_Exercise requirements_: Only one stretch of the data should be retyped: the lines from the line containing "Figure 3.3 Six" through the line containing "System Requirements". Keep pictures out of it.
****************************************
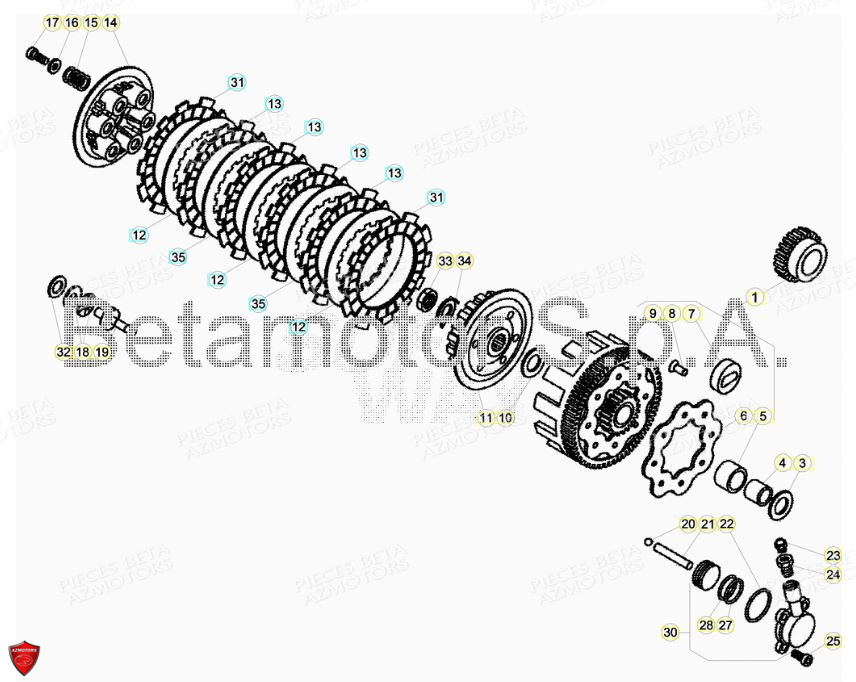 Embrayage BETA Pièces BETA EVO 2T -125CC- FACTORY - (2019)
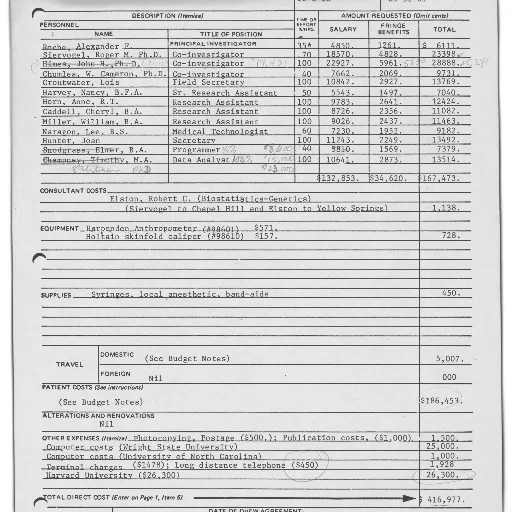 document, titled, personnel, various transparent PNG cut-out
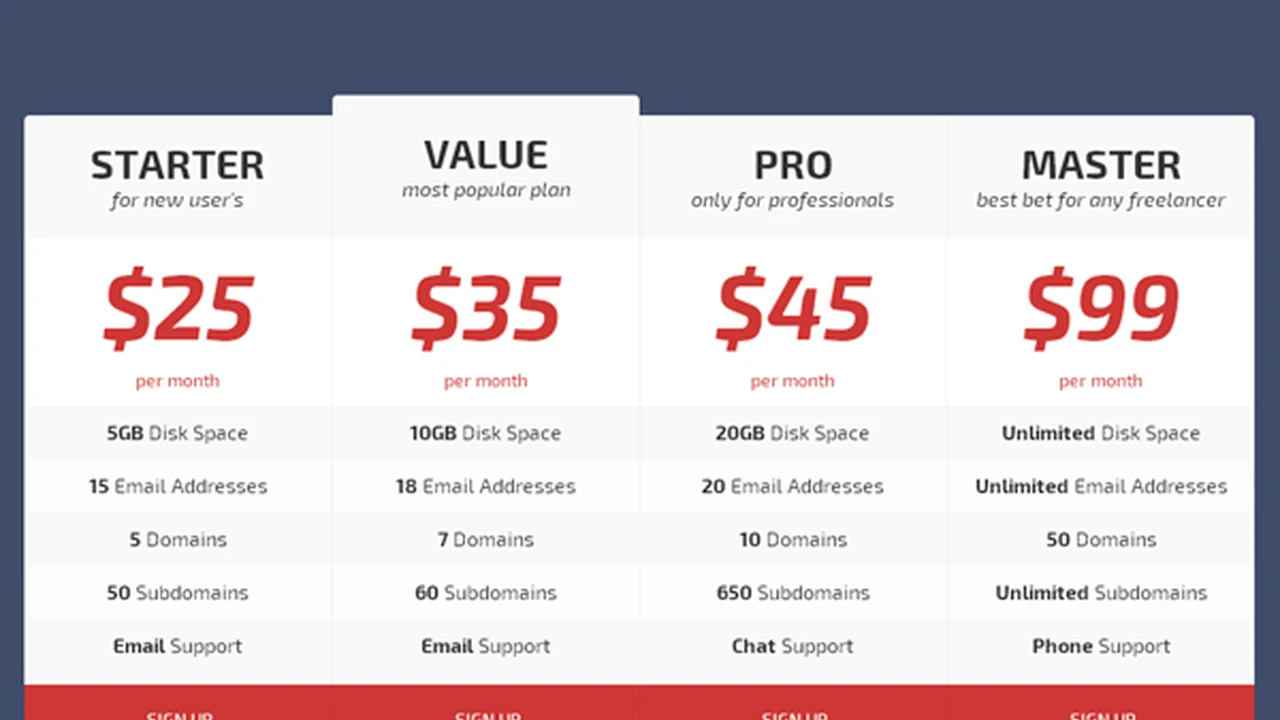 Befast - Responsive Pricing Tables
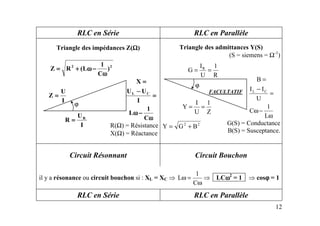 12
RLC en Série RLC en Parallèle
Triangle des impédances Z(ΩΩΩΩ)
22
)
C
1
L(RZ
ωωωω
−−−−ωωωω++++====
I
U
Z ====
ωωωω
−−−−ωωωω
====
−−−−
====
C
1
L
I
UU
X
CL
R(Ω) = Résistance
X(Ω) = Réactance
Triangle des admittances Y(S)
(S = siemens = Ω-1
)
FACULTATIF
G(S) = Conductance
B(S) = Susceptance.
Circuit Résonnant Circuit Bouchon
il y a résonance ou circuit bouchon si : XL = XC ⇒ ⇒
ω
=ω
C
1
L LCωωωω2
= 1 ⇒ cosϕϕϕϕ = 1
RLC en Série RLC en Parallèle
ϕ
ϕ
R
1
U
I
G R
==
ω
−ω
=
−
=
L
1
C
U
II
B
CL
Z
1
U
I
Y ==
22
BGY +=I
U
R R
====
 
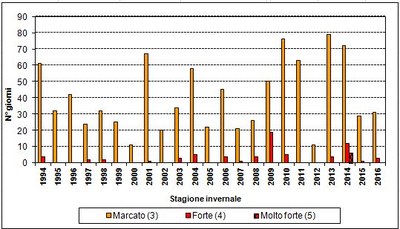 pericolo_valanghe_2016.JPG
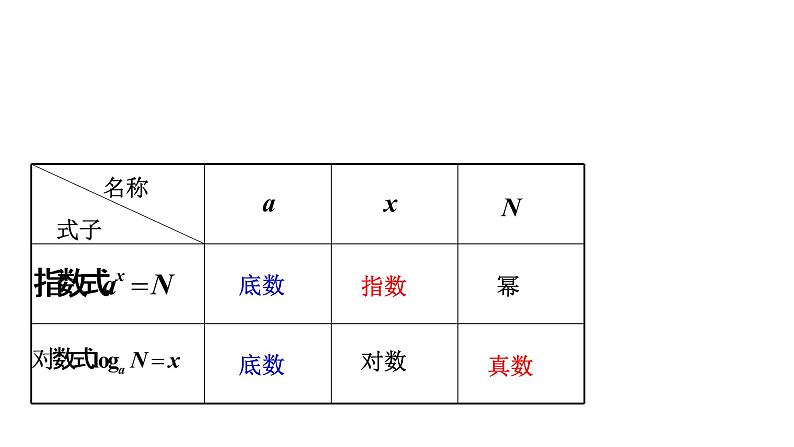 4.3 对数（同步课件）-【一堂好课】2021-2022学年高一数学上学期同步精品课堂（人教A版2019必修第一册）05
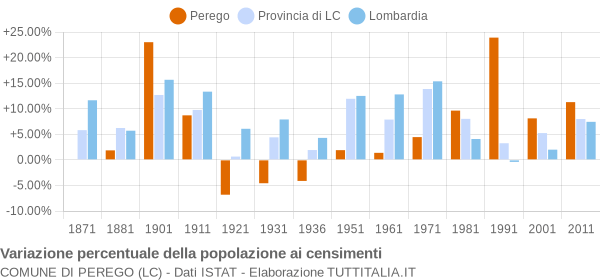 Grafico variazione percentuale della popolazione Comune di Perego (LC)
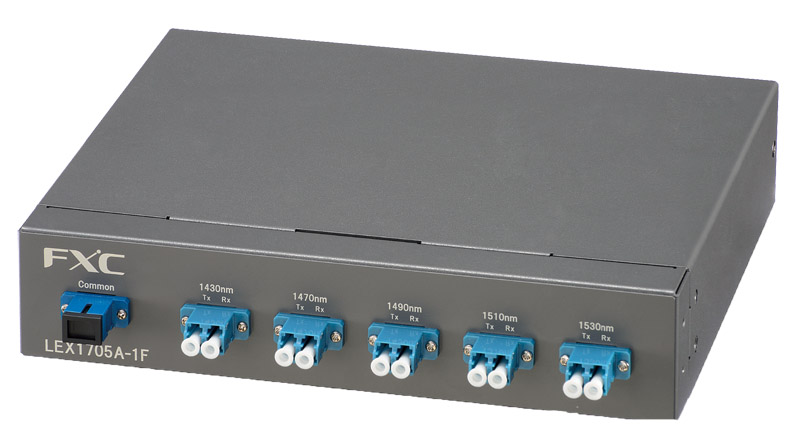 CWDM 5ch Mux/Demux ユニット + 同製品SBXバンドル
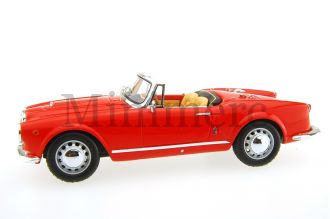 Lancia Aurelia B24 Convertable Scale Model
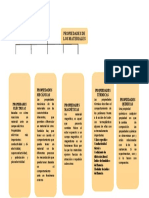 Cuadro Sinoptico de Los Materiales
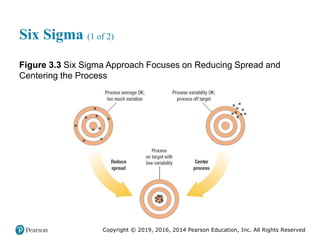 Copyright © 2019, 2016, 2014 Pearson Education, Inc. All Rights Reserved
Six Sigma (1 of 2)
Figure 3.3 Six Sigma Approach Focuses on Reducing Spread and
Centering the Process
 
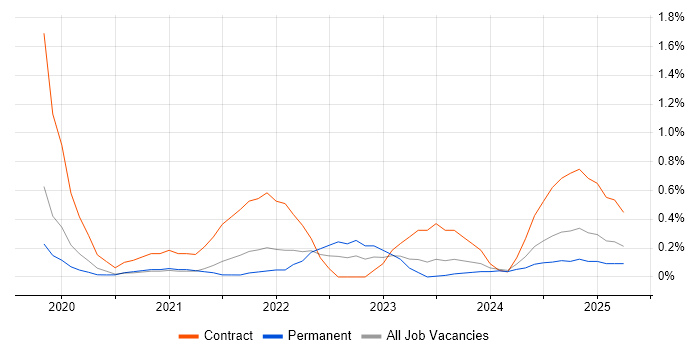 Job vacancy trend for Observability in Tyne and Wear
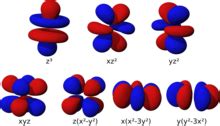 Magnetic Quantum Number Wikipedia
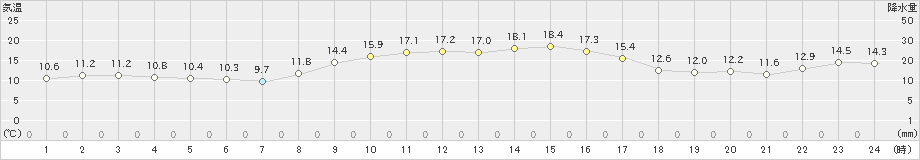 口之津(>2023年12月13日)のアメダスグラフ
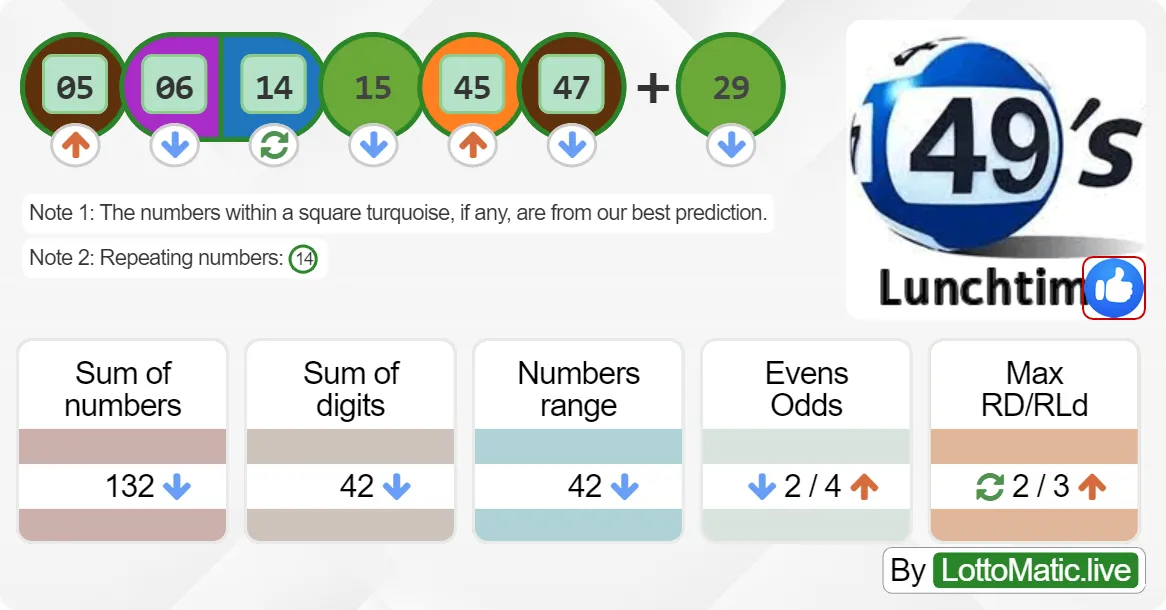 UK 49s Lunchtime results drawn on 2024-06-18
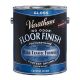 Floor finish gloss waterbase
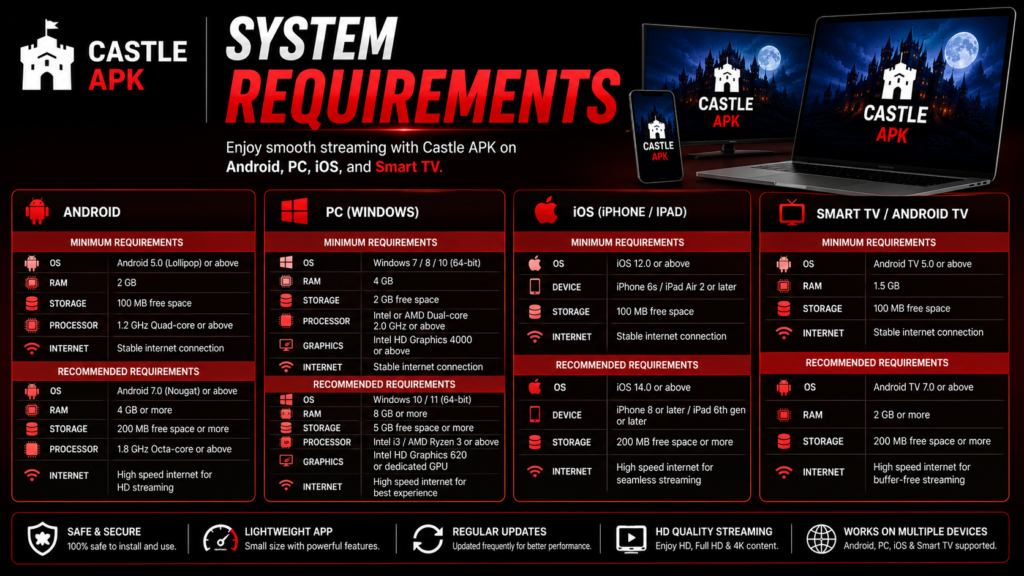 System Requirements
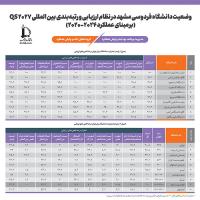 رتبه دانشگاه فردوسی مشهد در نظام رتبه‌بندی بین‌المللی  QS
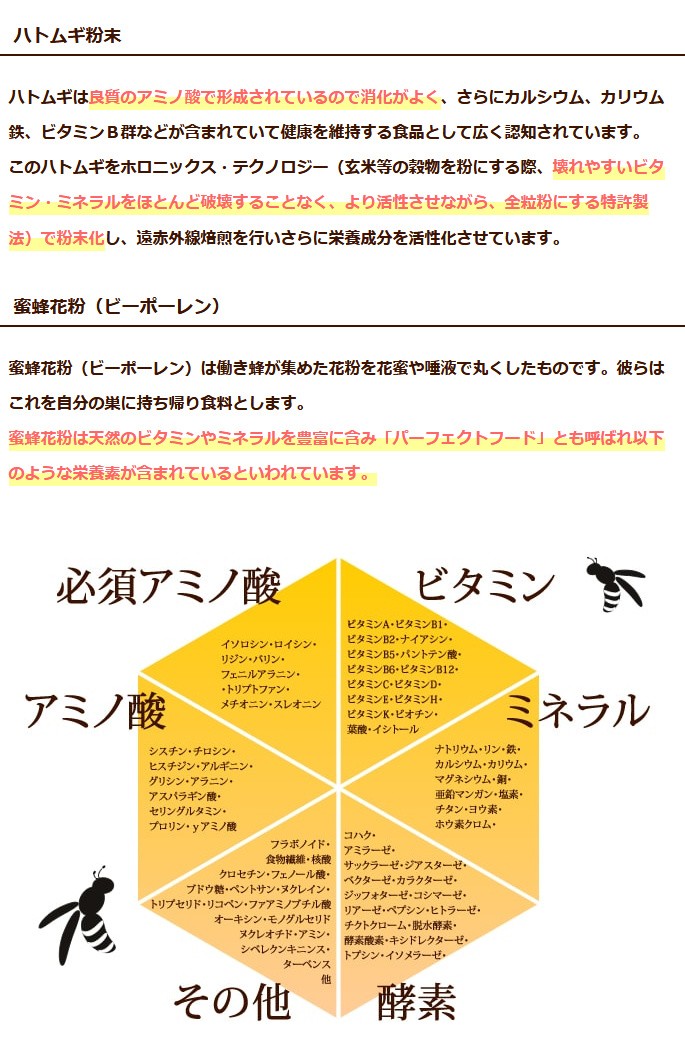 ハトムギ粉末 蜜蜂花粉 ビタミン ミネラル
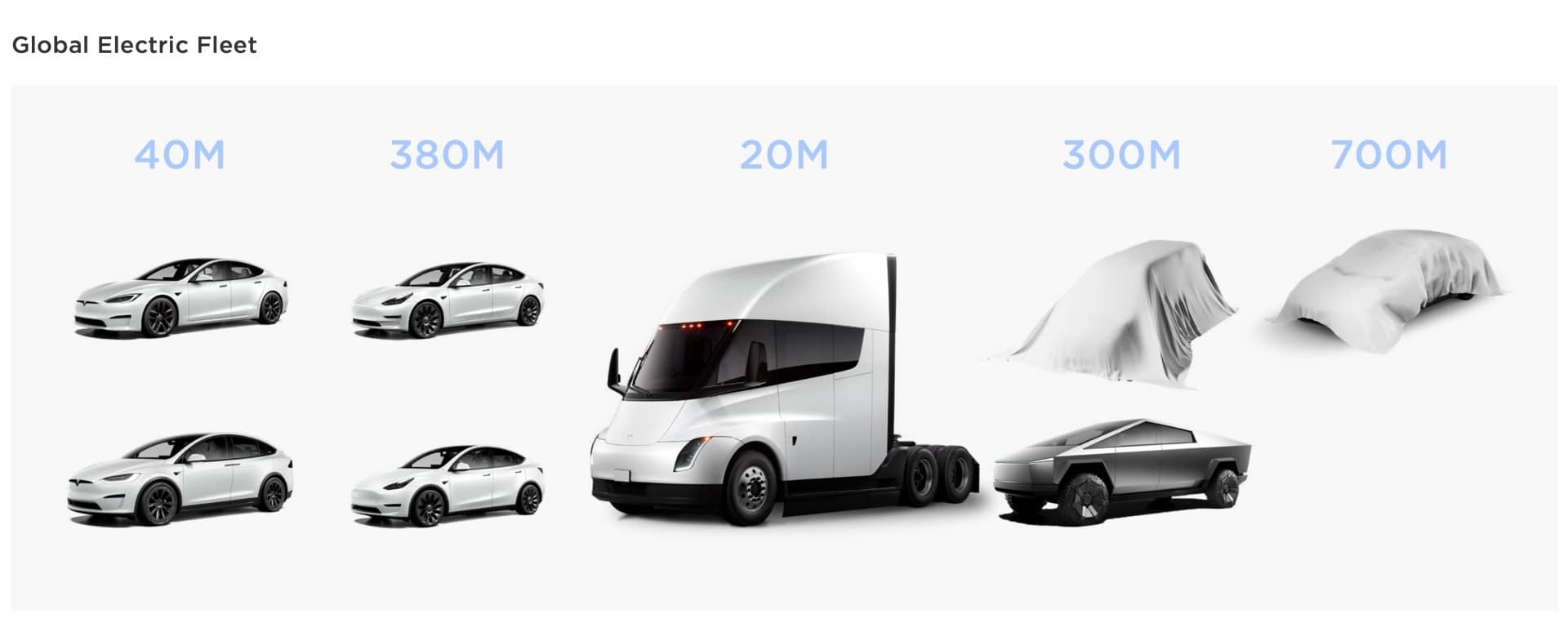 TEsla Plans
****************************************
_Answer to this problem_:
Figure 3.3 Six Sigma Approach Focuses on Reducing Spread and
Centering the Process
 
 Job vacancy trend for Observability in Tyne and Wear
 Magnetic Quantum Number Wikipedia
 口之津(>2023年12月13日)のアメダスグラフ
 UK 49s Lunchtime results drawn on 2024-06-18
 Floor finish gloss waterbase
 System Requirements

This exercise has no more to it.